FHFA Home Mortgage Data Insights

Radhey Shyam
Posted on May 16, 2016

Contributed by Radhey Shyam. He  is currently in the NYC Data Science Academy 12 week full time Data Science Bootcamp program taking place between April 11th to July 1st, 2016. This post is based on his second class project - R Shiny (due on the 4th week of the program).


Federal Housing Finance Agency(FHFA) is an independent regulatory agency responsible for monitoring the secondary mortgage markets  consisting of government  sponsored enterprises of  Fannie Mae, Freddie Mac and the Federal Home Loan Bank System.  FHFA with its  combined entities provide more than $5.5 trillion in funding for the U.S.  mortgage markets and financial institutions. It was created in July of 2008 under  Housing and Economic Recovery Act of 2008 and under this, the data is made available for  public use.
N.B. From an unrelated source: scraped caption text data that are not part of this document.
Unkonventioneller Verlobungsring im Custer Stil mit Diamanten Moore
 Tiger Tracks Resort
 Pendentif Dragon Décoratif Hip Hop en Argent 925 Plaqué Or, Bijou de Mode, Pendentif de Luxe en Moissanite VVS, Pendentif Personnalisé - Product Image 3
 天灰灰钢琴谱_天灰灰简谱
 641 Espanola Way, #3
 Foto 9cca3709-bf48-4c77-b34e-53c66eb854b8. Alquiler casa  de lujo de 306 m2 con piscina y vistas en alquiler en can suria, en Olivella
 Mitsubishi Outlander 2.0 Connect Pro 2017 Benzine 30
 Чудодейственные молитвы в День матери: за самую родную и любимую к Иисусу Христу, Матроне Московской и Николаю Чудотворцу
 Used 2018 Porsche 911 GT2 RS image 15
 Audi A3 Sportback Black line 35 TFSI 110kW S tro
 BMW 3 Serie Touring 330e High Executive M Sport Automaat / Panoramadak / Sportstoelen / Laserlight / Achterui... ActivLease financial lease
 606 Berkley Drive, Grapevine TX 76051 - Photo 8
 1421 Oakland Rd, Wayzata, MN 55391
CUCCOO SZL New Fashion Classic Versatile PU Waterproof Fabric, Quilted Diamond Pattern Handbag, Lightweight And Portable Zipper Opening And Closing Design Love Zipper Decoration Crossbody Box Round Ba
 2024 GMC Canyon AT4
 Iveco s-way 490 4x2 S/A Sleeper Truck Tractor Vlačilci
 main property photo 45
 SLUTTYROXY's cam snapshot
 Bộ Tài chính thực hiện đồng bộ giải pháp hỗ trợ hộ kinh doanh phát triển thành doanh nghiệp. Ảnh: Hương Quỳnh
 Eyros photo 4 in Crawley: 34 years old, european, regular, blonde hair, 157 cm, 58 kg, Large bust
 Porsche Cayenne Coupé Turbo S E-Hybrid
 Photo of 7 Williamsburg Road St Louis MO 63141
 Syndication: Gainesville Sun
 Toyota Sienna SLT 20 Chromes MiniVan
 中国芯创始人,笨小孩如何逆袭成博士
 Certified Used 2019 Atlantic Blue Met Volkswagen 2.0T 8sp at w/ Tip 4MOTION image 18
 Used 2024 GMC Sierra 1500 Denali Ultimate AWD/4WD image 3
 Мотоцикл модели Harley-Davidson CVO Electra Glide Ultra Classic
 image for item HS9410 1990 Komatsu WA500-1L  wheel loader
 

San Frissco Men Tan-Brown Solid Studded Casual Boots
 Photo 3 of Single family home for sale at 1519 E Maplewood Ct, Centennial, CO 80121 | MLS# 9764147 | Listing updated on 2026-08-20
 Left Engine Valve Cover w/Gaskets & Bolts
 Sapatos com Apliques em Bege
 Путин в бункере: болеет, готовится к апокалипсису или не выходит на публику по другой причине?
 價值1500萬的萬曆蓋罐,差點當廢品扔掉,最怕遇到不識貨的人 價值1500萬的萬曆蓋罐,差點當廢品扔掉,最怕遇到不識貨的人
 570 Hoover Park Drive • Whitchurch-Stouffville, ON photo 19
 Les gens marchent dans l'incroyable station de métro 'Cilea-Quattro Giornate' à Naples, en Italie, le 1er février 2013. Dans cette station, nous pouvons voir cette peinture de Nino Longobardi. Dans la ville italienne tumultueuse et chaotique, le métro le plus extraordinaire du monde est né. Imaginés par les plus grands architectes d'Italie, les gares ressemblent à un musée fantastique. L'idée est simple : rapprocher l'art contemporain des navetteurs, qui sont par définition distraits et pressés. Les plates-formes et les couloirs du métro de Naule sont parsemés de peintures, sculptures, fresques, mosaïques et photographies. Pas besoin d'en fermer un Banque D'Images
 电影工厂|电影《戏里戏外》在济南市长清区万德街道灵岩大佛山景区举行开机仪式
For this project, I used Single-Family Census Tract File from FHFA website. It consists of data thirty nine columns having detailed information such as gender, race, and age of the borrower as well as the census tract location of the property . I combined the data files from five years from 2010-2014 and final combined consisting of  more than 22 million rows and 39 columns. For analyzing such a huge data, I decided to concentrate on some key factors like age, race and gender of the borrowers and co-borrowers from all 50 states.

My aim  was to find that is there any difference between the gender, race and age profiles of borrowers  and overall trend of the home mortgage data.

First of all, data text files are available separately for Fannie Mae and Freddie Mac enterprises and  by years wise from 2014 to 2010, so I have to load the text files into the local df by year wise and check their dimensionality and repeat the process for years from 2014 to 2010.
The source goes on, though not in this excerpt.